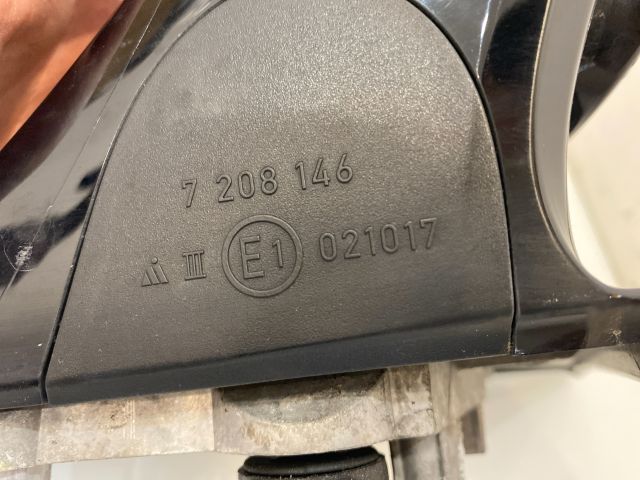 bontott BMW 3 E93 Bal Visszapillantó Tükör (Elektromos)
---
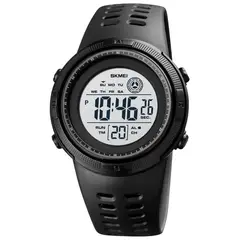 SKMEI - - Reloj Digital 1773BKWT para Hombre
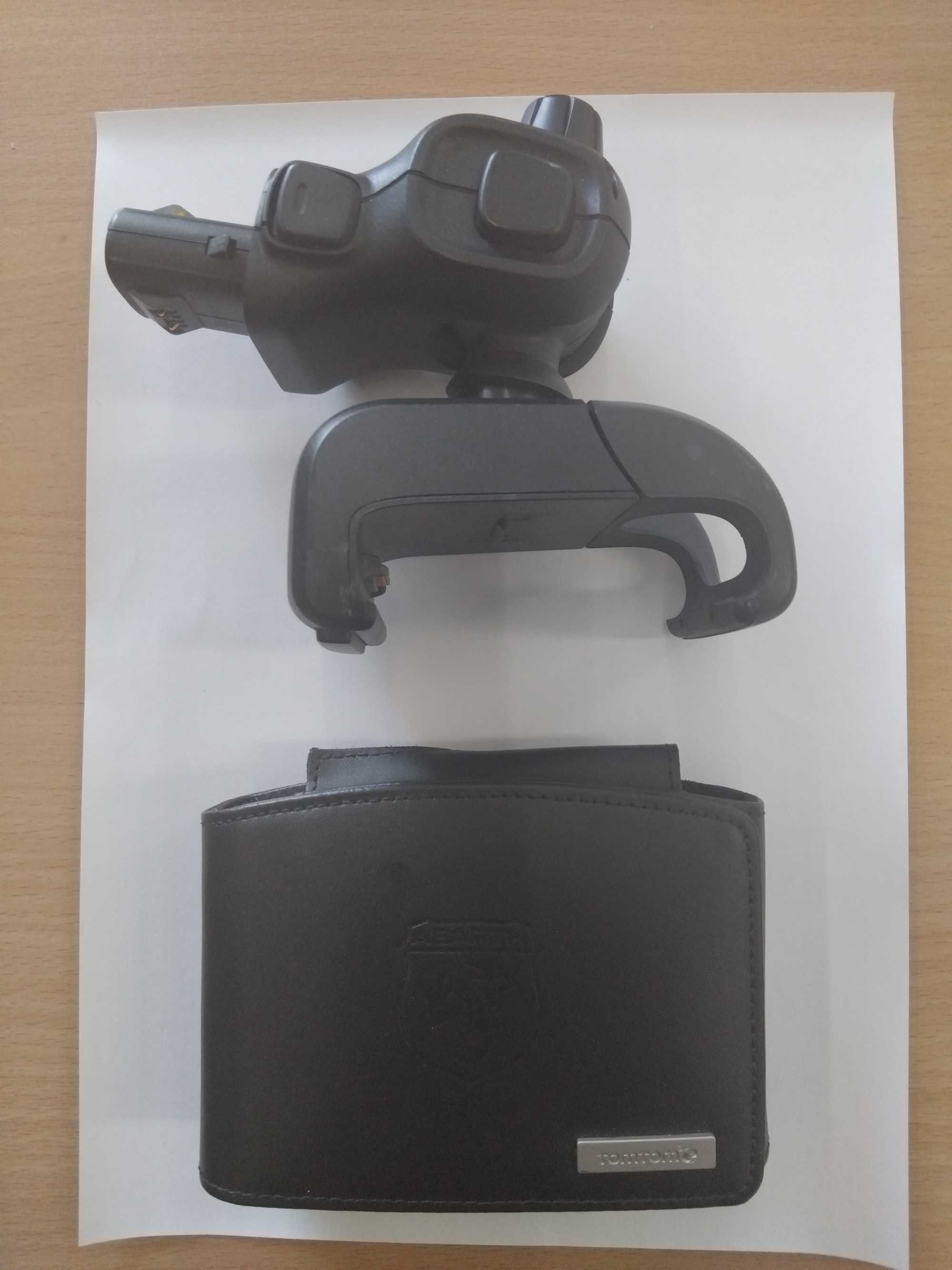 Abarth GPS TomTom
* * *
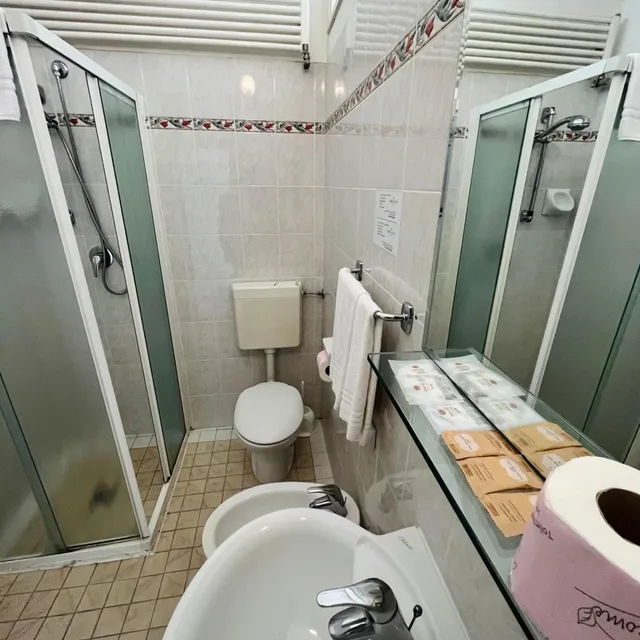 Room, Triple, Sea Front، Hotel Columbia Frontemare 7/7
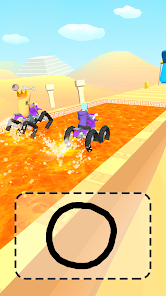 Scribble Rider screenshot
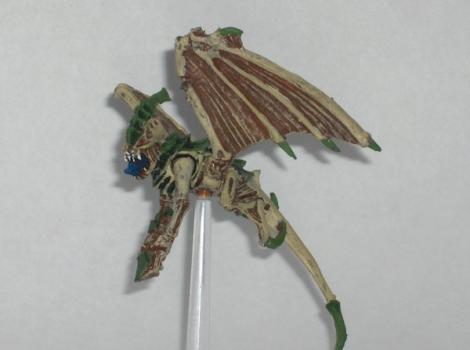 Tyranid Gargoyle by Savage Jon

# WHAT YOU ARE ASKED TO DO
Only the lines above from the one containing "Scribble Rider screenshot" through the one containing "Tyranid Gargoyle by Savage Jon" should be returned, verbatim and inclusive, with pictures excluded.

# EXERCISE RESPONSE
 Scribble Rider screenshot
 Tyranid Gargoyle by Savage Jon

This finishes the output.